Collected material:
BEGIN

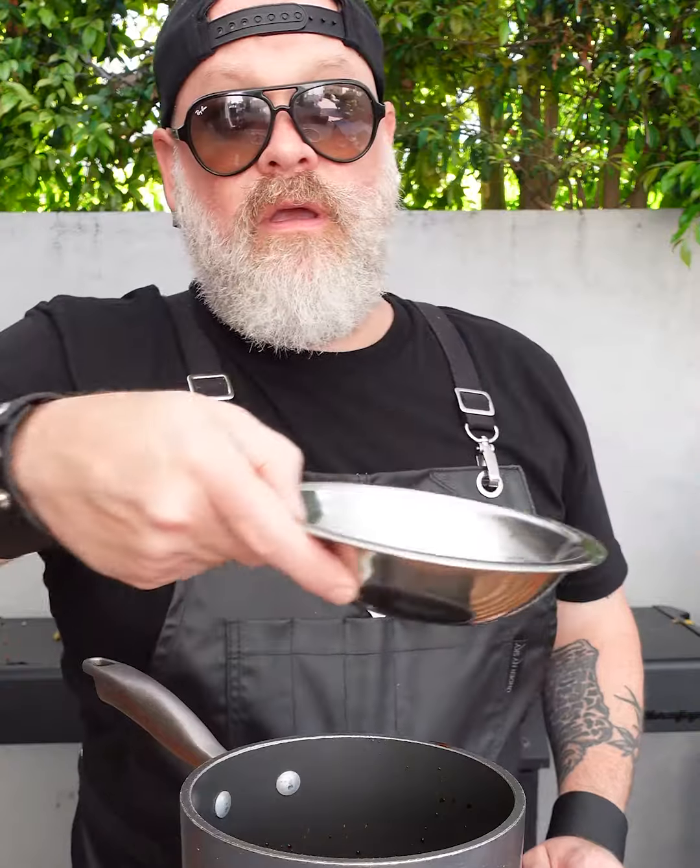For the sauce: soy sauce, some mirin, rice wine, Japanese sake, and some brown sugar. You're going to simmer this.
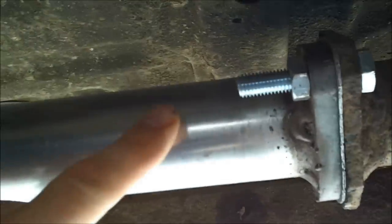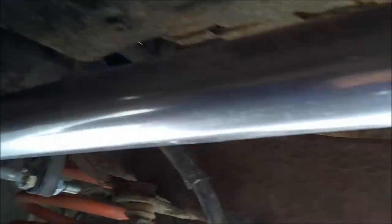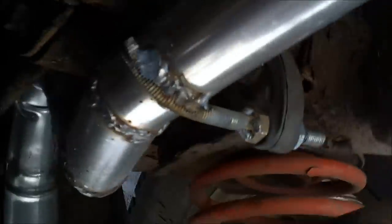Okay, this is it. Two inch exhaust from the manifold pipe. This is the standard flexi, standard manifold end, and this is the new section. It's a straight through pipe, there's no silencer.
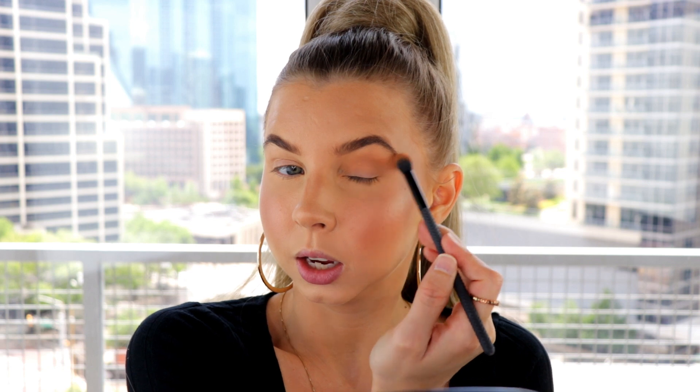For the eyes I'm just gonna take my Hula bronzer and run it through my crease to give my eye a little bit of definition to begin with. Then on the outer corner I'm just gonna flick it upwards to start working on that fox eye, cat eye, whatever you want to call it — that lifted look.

END

Aim of the task:
Output precisely the lines in the material above from the line containing "Okay, this is" through its last line, and omit pictures.

Response box:
Okay, this is it. Two inch exhaust from the manifold pipe. This is the standard flexi, standard manifold end, and this is the new section. It's a straight through pipe, there's no silencer.
For the eyes I'm just gonna take my Hula bronzer and run it through my crease to give my eye a little bit of definition to begin with. Then on the outer corner I'm just gonna flick it upwards to start working on that fox eye, cat eye, whatever you want to call it — that lifted look.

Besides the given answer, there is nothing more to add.